“The Volunteer” by Jack Fairweather— One Man, An Underground Army, and the Secret Mission to Destroy Auschwitz

Fairweather, Jack. “ The Volunteer”, Custom House, 2019.

One Man, An Underground Army, and the Secret Mission to Destroy Auschwitz

Amos Lassen

Jack Fairweather’s “The Volunteer” features maps, drawings, and more than 200 original photographs from the 1930s and 40s that detail the breathtaking journey of Witold Pilecki. This is the story of one man who tried to warn us about Auschwitz from inside the camp and who tried to destroy Auschwitz and save the lives of 800,000 Jews. He was on a mission to inform the world about Auschwitz.

The book smuggles us into Auschwitz and shows us the story of a Polish agent who infiltrated the infamous camp, organized a rebellion, and then snuck back out. Fairweather has dug up a story of great value and delivered it to us in beautiful and compelling prose.

It is meticulously researched and clearly told and gives us a  remarkable inside-view of the Holocaust. It is also a look at the triumph of the human spirit.
“Jack Fairweather has chronicled Pilecki’s remarkable journey and gives us a work that is a testament to courage.  Here is human heroism in the face of overwhelming odds.

This  is the untold story of one of the greatest heroes of the Second World War. In the Summer of 1940, after the Nazi occupation of Poland, Witold Pilecki, an underground operative accepted a mission to uncover the fate of thousands of people being interred at a new concentration camp on the border of the Reich. His mission was to report on Nazi crimes and raise a secret army to stage an uprising. The name of the camp was Auschwitz. It was only after arriving at the camp that he started to discover the Nazi’s terrible treatments and plans. Over the next two and half years, Witold forged an underground army that smuggled evidence of Nazi atrocities to the West that were responsible for the murder of over a million Jews. His reports from the camp were to shape the Allies’ response to the Holocaust—yet his story was all but forgotten for decades. This is the first major account of it and it draws on exclusive family papers and recently declassified files as well as unpublished accounts from the camp’s fighters to show how he saved hundreds of thousands of lives.

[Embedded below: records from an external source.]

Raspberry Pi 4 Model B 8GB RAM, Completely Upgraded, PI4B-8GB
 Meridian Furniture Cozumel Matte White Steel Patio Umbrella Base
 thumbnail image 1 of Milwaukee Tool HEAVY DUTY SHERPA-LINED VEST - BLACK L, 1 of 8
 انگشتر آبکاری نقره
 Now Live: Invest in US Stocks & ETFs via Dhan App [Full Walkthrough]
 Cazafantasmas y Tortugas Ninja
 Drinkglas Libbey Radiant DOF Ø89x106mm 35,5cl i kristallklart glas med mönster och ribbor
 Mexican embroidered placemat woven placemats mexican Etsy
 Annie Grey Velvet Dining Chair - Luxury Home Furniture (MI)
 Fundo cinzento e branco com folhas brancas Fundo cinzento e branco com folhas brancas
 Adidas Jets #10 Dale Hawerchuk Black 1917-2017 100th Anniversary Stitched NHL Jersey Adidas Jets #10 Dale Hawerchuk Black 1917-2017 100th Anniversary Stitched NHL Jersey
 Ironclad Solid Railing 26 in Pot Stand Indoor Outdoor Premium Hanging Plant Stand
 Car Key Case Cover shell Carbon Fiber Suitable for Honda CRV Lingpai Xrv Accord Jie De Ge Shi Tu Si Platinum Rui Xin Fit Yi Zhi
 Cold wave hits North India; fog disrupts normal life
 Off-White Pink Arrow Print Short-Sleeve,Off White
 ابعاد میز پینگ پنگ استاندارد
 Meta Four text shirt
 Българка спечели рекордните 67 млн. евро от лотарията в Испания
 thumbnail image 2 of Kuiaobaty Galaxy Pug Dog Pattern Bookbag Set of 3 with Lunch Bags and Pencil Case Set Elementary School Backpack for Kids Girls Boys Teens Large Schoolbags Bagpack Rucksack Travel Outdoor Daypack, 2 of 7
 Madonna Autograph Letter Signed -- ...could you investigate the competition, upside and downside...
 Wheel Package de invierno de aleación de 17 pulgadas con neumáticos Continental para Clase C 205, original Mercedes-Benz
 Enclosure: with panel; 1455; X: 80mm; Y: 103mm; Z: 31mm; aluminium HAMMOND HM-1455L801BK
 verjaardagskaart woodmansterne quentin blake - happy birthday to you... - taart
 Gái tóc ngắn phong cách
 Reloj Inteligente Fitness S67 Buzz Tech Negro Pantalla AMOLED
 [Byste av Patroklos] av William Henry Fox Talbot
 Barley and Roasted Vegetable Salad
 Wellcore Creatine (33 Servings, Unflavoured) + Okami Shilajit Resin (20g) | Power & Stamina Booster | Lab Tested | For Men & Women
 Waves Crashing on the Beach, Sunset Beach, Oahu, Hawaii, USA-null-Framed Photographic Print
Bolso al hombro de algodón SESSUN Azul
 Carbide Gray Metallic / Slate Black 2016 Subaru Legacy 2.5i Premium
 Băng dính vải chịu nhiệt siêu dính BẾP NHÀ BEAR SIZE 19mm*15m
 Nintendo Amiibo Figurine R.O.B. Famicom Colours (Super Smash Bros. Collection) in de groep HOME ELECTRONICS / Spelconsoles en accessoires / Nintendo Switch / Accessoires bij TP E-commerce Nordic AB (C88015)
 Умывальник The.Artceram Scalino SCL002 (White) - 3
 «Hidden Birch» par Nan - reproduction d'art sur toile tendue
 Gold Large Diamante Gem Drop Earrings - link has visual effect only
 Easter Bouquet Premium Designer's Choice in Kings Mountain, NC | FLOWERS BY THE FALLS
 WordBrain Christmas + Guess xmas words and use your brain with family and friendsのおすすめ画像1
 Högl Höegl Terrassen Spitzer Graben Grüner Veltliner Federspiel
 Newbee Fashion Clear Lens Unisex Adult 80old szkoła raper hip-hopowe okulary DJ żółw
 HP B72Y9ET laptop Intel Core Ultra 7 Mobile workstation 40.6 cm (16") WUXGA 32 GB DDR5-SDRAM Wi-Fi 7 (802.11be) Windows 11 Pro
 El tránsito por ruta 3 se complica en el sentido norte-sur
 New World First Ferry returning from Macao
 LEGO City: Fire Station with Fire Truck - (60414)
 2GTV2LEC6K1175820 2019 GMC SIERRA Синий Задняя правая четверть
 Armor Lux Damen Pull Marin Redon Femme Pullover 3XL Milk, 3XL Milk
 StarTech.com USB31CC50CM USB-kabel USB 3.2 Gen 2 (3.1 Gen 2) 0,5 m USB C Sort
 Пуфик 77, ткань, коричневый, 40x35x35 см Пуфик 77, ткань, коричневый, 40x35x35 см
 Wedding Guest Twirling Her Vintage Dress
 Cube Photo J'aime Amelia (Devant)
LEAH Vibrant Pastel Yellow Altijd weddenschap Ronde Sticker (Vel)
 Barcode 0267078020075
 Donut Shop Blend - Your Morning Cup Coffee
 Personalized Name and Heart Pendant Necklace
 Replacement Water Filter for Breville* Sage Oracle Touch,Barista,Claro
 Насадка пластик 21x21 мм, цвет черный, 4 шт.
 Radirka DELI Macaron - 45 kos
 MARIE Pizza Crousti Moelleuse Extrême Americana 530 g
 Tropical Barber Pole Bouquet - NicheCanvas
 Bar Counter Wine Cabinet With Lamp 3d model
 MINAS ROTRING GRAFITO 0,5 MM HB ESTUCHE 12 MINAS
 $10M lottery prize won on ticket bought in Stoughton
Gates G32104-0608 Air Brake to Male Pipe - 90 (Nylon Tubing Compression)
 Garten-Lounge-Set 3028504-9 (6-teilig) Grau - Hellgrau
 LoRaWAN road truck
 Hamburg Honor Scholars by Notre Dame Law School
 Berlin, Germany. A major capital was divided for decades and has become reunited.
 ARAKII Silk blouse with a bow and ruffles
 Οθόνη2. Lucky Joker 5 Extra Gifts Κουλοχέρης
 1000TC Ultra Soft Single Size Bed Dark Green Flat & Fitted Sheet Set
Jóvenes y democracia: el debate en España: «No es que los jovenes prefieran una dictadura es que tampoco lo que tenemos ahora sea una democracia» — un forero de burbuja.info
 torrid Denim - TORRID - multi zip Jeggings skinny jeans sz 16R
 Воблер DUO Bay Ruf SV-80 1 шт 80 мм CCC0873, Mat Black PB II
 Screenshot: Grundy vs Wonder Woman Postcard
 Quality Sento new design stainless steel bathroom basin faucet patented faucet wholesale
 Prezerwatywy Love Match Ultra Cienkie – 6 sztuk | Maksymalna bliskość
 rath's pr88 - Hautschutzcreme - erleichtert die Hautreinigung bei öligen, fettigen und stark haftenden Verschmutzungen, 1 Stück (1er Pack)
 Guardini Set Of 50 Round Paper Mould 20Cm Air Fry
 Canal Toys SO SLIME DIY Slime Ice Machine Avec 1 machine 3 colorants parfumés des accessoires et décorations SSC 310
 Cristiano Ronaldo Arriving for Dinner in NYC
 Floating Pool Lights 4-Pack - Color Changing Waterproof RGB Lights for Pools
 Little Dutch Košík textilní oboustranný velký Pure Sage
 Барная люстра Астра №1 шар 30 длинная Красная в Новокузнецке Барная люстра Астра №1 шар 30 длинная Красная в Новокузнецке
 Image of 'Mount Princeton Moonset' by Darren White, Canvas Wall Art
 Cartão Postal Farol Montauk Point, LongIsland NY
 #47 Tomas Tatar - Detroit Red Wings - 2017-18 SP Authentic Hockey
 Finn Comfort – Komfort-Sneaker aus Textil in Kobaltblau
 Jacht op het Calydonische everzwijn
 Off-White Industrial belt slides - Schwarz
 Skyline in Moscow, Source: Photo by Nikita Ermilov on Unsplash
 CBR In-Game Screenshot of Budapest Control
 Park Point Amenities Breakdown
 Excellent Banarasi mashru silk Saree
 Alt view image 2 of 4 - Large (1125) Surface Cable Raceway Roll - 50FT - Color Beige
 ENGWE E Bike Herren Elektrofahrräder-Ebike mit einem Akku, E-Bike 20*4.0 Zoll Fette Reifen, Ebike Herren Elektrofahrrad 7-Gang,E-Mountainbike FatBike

 Completely erased from the historical record by Poland’s Communist government, Pilecki remains almost unknown to the world. Now, with exclusive access to previously hidden diaries, family and camp survivor accounts and recently declassified files, Jack Fairweather shares Witold’s exploits and uncovers the tragic outcome of Pilecki’s mission, in which the ultimate betrayal came not on the Continent, but England.